Dear Editor,

Here, we present a method to accelerate the differentiation of γ-aminobutyric acid (GABA) interneurons (GINs) from human pluripotent stem cells (hPSCs). Normal brain function requires balanced levels of excitation and inhibition of neurotransmitter. GINs are the main inhibitory neurons in the central nervous system, and they are thought to play a critical role in sculpting inhibitory network dynamics in the cerebral cortex (Rossignol, 2011). Thus, dysfunction of GINs induces many neurological diseases, such as epilepsy, major depression, anxiety, and autism. Since it is difficult to recover from the dysfunction/loss of GINs in the neural network, exogenous GIN transplantation has been considered a potential therapeutic strategy for the treatment of GIN-associated neurological diseases. Although reported methods offer various ways to differentiate high-purity human GINs from hPSCs, it still takes >1 month to obtain a high proportion of GINs (Table 1). Moreover, the protracted timing of human GIN specification and subtype maturation remains a key challenge that hampers the routine application of hPSC-derived lineages in disease modeling and regenerative medicine studies.

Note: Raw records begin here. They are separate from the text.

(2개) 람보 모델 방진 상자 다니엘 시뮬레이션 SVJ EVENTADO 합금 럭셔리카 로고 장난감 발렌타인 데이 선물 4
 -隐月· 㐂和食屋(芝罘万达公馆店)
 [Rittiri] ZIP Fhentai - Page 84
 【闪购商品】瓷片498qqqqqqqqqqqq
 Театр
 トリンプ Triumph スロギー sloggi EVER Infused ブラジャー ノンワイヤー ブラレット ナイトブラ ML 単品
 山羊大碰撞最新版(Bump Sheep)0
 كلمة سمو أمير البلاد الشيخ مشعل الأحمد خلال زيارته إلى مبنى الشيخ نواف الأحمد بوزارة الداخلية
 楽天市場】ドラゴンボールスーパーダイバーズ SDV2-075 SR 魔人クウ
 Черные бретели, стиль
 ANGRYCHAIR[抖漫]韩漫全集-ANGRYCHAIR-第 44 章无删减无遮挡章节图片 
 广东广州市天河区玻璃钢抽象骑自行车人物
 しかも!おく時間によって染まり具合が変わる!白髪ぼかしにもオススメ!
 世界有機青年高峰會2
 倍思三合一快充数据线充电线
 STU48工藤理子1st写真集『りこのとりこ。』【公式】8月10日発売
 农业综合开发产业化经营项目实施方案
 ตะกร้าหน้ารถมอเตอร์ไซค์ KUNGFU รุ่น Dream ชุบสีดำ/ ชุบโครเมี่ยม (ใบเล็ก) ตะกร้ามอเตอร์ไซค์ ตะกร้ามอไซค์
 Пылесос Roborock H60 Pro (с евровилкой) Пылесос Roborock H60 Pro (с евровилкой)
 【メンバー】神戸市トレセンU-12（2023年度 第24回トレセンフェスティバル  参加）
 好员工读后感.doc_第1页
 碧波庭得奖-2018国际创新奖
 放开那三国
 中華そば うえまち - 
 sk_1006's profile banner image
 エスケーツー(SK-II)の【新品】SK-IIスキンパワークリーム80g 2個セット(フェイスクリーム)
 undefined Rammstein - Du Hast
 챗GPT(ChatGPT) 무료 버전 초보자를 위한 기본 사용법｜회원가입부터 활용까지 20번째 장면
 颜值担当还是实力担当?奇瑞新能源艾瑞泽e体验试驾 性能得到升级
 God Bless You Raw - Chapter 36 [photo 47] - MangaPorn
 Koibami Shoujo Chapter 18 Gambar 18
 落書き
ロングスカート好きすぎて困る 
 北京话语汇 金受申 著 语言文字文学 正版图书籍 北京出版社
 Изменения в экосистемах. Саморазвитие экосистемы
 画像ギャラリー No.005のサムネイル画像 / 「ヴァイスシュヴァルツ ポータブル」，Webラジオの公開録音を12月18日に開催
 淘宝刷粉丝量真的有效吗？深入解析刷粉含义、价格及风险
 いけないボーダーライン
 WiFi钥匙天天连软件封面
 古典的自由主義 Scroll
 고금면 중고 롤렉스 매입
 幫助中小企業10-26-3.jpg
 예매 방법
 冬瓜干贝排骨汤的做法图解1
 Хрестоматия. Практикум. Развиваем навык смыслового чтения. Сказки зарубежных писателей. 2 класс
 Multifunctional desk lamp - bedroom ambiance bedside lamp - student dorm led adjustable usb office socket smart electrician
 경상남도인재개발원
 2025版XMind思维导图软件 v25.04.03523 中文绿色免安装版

Additionally, the current differentiation method mainly relies on co-culture with rodent cortical neurons/astrocytes and cell sorting, which limits the application of human GINs for cell transplantation and therapy. Therefore, it is urgent to establish a time- and cost-effective, highly efficient non-xenogenic differentiation system for differentiating human GINs. Here, we sought to identify small molecule (SM)-based conditions that accelerate the differentiation of human GINs without adding any components with heterologous origins or performing genetic manipulations.